Rule 110 has been adopted without substantive change as Rule 1009 of the (new) Federal Rules of Bankruptcy Procedure, effective August 1, 1983: "A voluntary petition, list, schedule, statement of financial affairs, statement of executory contracts, or Chapter 13 Statement may be amended by the debtor as a matter of course at any time before the case is closed." This readoption indicates that Congress perceived no inconsistency between this rule and the Bankruptcy Code, including section 522(l ). The Advisory Committee Note to Rule 1009 reaffirms the legislative intent to allow amendment as a matter of course for schedules, including lists of exempt property.

10

This rule continues the permissive approach adopted by former Bankruptcy Rule 110 to amendments of voluntary petitions and accompanying papers.
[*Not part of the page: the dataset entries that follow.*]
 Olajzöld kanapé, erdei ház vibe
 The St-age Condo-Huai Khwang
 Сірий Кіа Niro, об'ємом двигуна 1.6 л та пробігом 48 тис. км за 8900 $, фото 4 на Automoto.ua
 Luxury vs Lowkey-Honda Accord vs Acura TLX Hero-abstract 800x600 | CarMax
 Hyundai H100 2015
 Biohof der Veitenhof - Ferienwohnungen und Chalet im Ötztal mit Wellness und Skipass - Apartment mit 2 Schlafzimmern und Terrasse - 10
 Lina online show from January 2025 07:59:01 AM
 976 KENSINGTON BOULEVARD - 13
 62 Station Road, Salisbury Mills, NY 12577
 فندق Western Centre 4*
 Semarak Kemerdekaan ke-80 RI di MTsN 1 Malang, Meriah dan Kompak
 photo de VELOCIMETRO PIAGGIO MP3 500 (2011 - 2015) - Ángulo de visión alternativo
Notice of any amendment is required to be given to the trustee. This is particularly important with respect to any amendment of the schedule of property affecting the debtor's claim of exemptions.

11

(Emphasis added).

12

This "permissive approach," allowing amendment at any time before the case is closed and denying courts discretion to reject amendments, has been endorsed in several circuits. See Shirkey v. Leake, 715 F.2d 859, 863 (4th Cir.1983); In re Doan, 672 F.2d 831, 833 (11th Cir.1982); In re Gershenbaum, 598 F.2d 779 (3d Cir.1979); In re Andermahr, 30 B.R. 532 (Bankr. 9th Cir.1983).2 Courts may still refuse to allow an amendment where the debtor has acted in bad faith or where property has been concealed. See Doan, 672 F.2d at 833. Moreover, under Sec. 522(l ) the proposed exemptions are subject to objection by a party in interest. See, e.g., Andermahr, 30 B.R. at 534; In re Maxwell, 5 B.R. 58 (Bankr.N.D.Ga.1980).

13

Accordingly, we reverse the order of the District Court denying the debtors' application to amend their Schedule B-4 and remand for further proceedings.

1

Local Rule 15 of the United States Bankruptcy Court for the Middle District of Tennessee, deleted March 1, 1984, implemented Rule 110

2

The bankruptcy judge who originally acted as standing master in this case has recently indicated that he now believes that the precedents of the Middle District of Tennessee rejecting a right to amend under Rule 110, upon which he presumably based his recommendation in this case, no longer have validity. See In re Davis, 38 B.R. 585 (Bankr.M.D.Tenn.1984) (Lundin, J.)